Here is a screenshot of the kiosk application we installed in the advising office, because students had to be able to log into the system and give their consent to be recorded. It is a boring application, but does more than is apparent – for instance, it schedules the recording appointments, sends out reminders and logs what exactly the student consented to against cloud spreadsheets which it authenticates against via OAuth 2.0.

Here is a screenshot of the recording application which doesn’t look like much, but it had to check the consent status, perform a quick sound check, record the conversation via omnidirectional microphones (and allow the advisor to pause recording in case the student wanted to discuss something too sensitive for recording) to then encrypt it and upload it to our servers where we postprocessed it (e.g. voice activity detection to verify the recording worked, removal of personally identifiable information (PII) and afterwards annotation with our in-house developed annotation pipelines. There are interesting edge cases involved as well – for instance, conversations are too valuable to be lost and thus if the upload should not be possible, we have to encrypt the conversation in-place to be picked up. I forgot the exact implementation, but I think we generate a random symmetric key for that (for speed) and then encrypt that key asymmetrically s.t. the actual encryption key does not reside on the same machine.

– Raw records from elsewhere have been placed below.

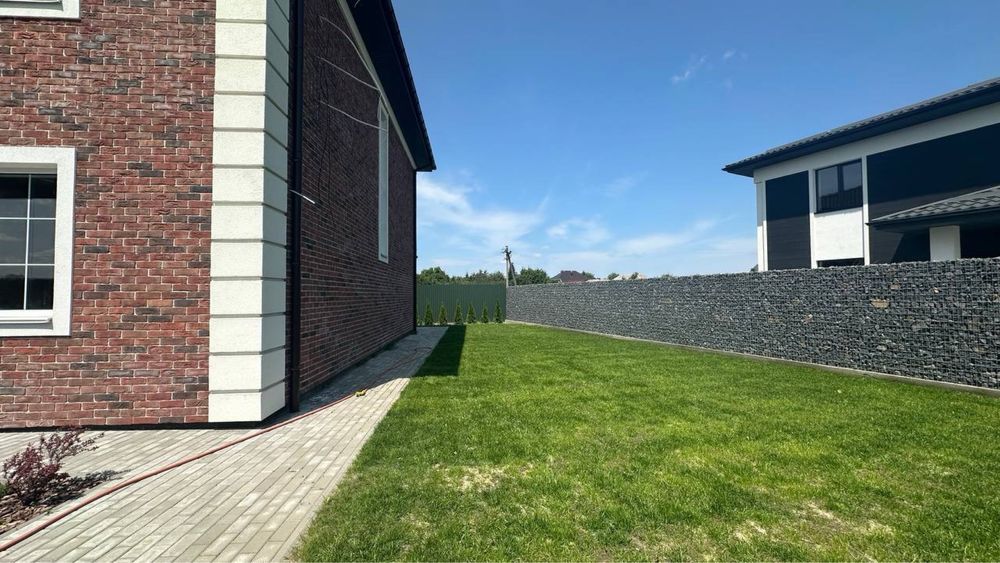 Продаж будинку з ремонтом у Крюківщині, закрите КМ, Газ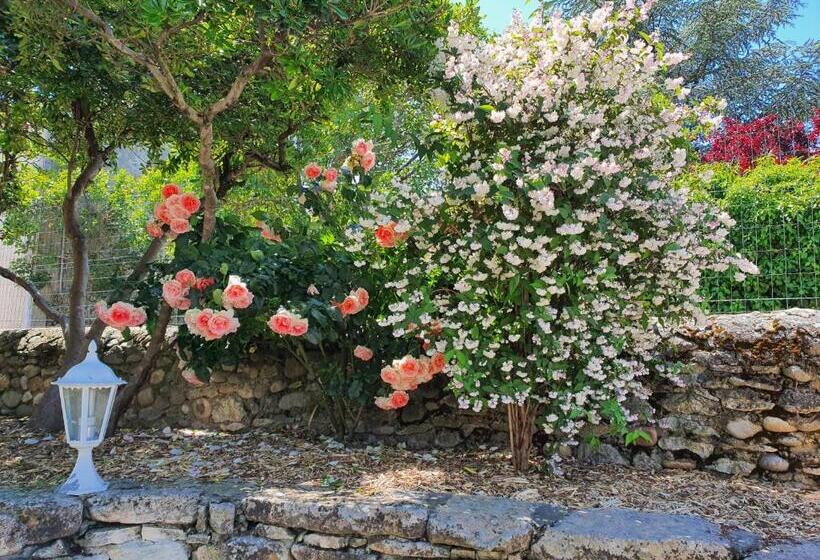 호텔 Logis Hôtel Restaurant L Escarbille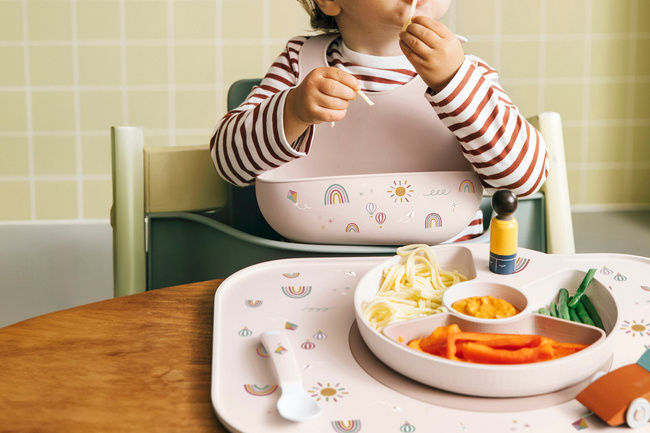 Śliniak silikonowy z kieszonką Mio Sunshine & Rainbow Mepal 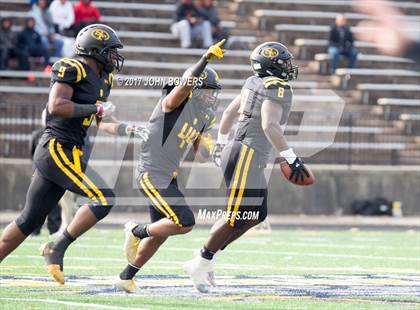 Thumbnail 2 in St. Frances Academy vs. McDonogh photogallery.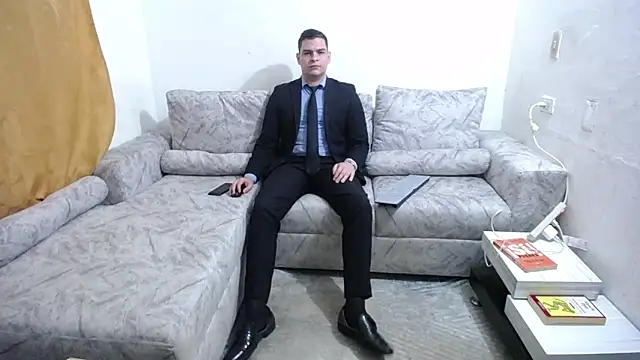 Victor Maitland online show from September 23, 4:45 am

But enough GUIs. Here is a rough sketch of the system architecture. Essentially, we have at least one GUI that talks to the dialog manager which via POMDPs or end-to-end training decides what to say next. For that, it leverages NLP services such as semantic parsing (CAMR), dialog act classification and sentiment analysis etc. Another core component is that the dialog manager can forward natural language queries to an ensemble of two natural language interfaces to databases which can turn the query into a database query. In turn, they might use helper services like word embeddings or an HTML generator. We also have an API gateway that connects our newer system to services we had built before like summarization, course selection and also natural language generation.

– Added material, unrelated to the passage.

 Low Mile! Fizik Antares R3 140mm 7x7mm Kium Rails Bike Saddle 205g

Besides this dialog core there is this bigger ecosystem that also involves various data annotation web applications, the GUIs, scheduling, cloud services etc. There are more components than depicted – for instance, we also had a named entity recognition ensemble.


I also worked with various researchers to build mini demos like this one which takes a sentence, executes semantic parsing and visualizes the result as a graph. This was useful to debug individual components and demo small things.

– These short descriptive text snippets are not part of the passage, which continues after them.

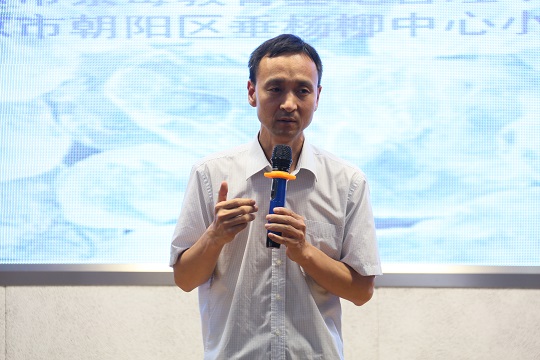 5谢春风主任发表讲话.JPG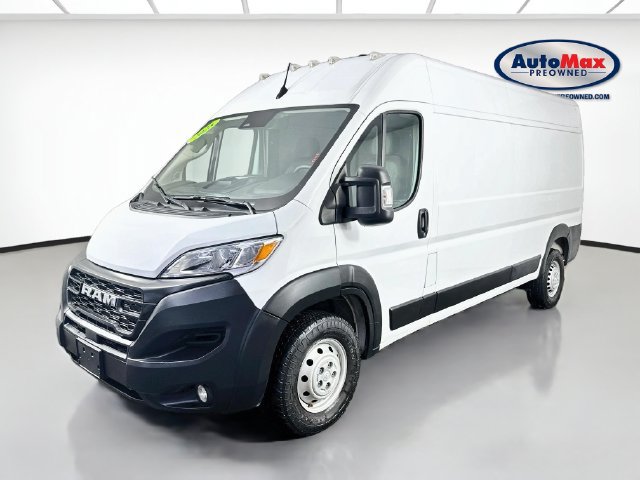 Used 2025 RAM ProMaster 2500 w/ Convenience Group FWD image 4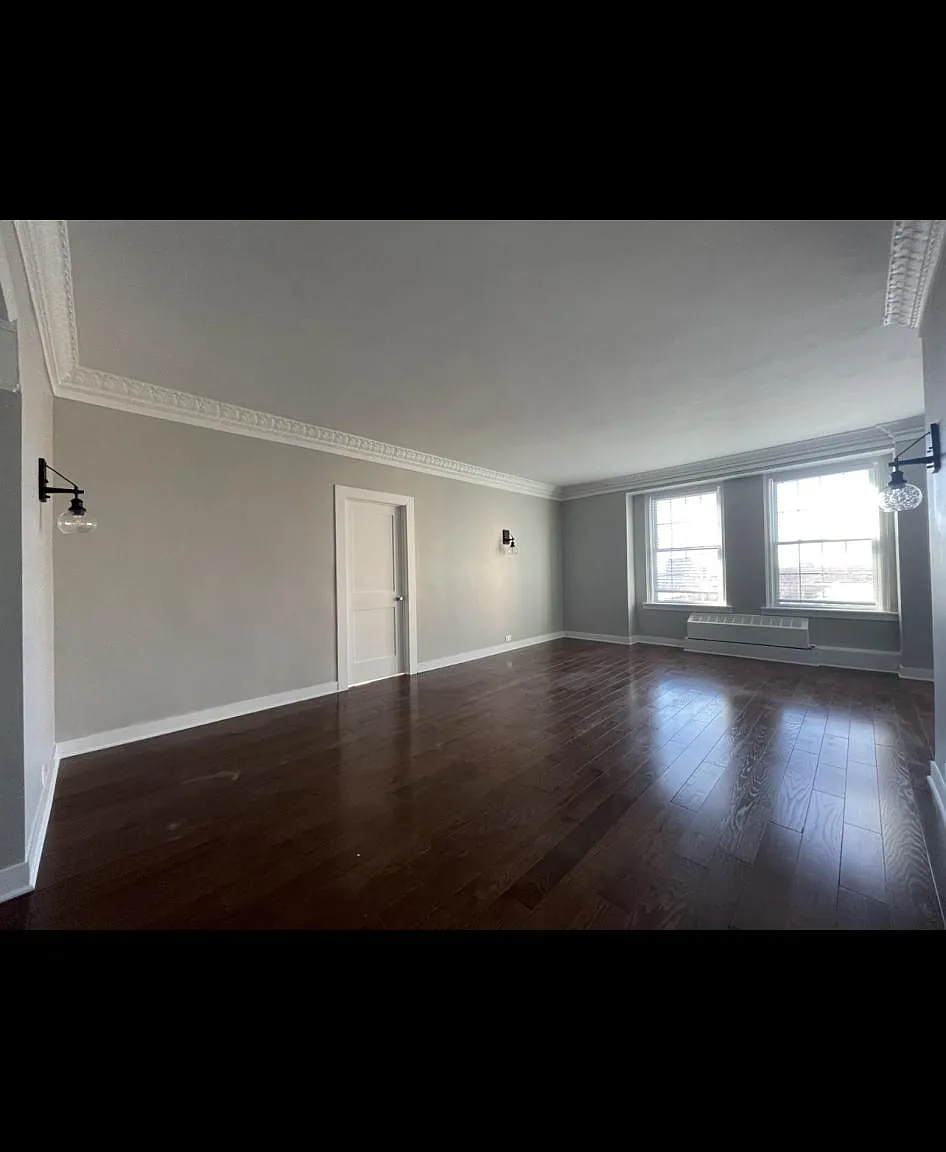 2 bed, 1200 sqft, $2,300 — Photo 2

Here is a rough entity relationship diagram (ERD) to get an idea of what kind of data we are talking about. When I get around to writing something about IBM Verdi (which I already have gotten permission for), I will reiterate how helpful a proper business object model can be for AI components.

Finally, I conducted many fun side experiments like building a knowledge graph of courses – this particular one was GRAKN-based, but Janusgraph or Blazegraph would have worked just as well. [Or probably ArangoDB which I urgently want to take a closer look at.]


Ultimately, Sapphire was a fascinating project, since it meant collaboration with six chairs – deep learning, reinforcement learning, natural language processing, systems, data annotation and signal processing. The project yielded over 20 papers at top conferences with over 700 citations which I am very proud of. It also directly led to me getting hired into IBM Research AI Cambridge.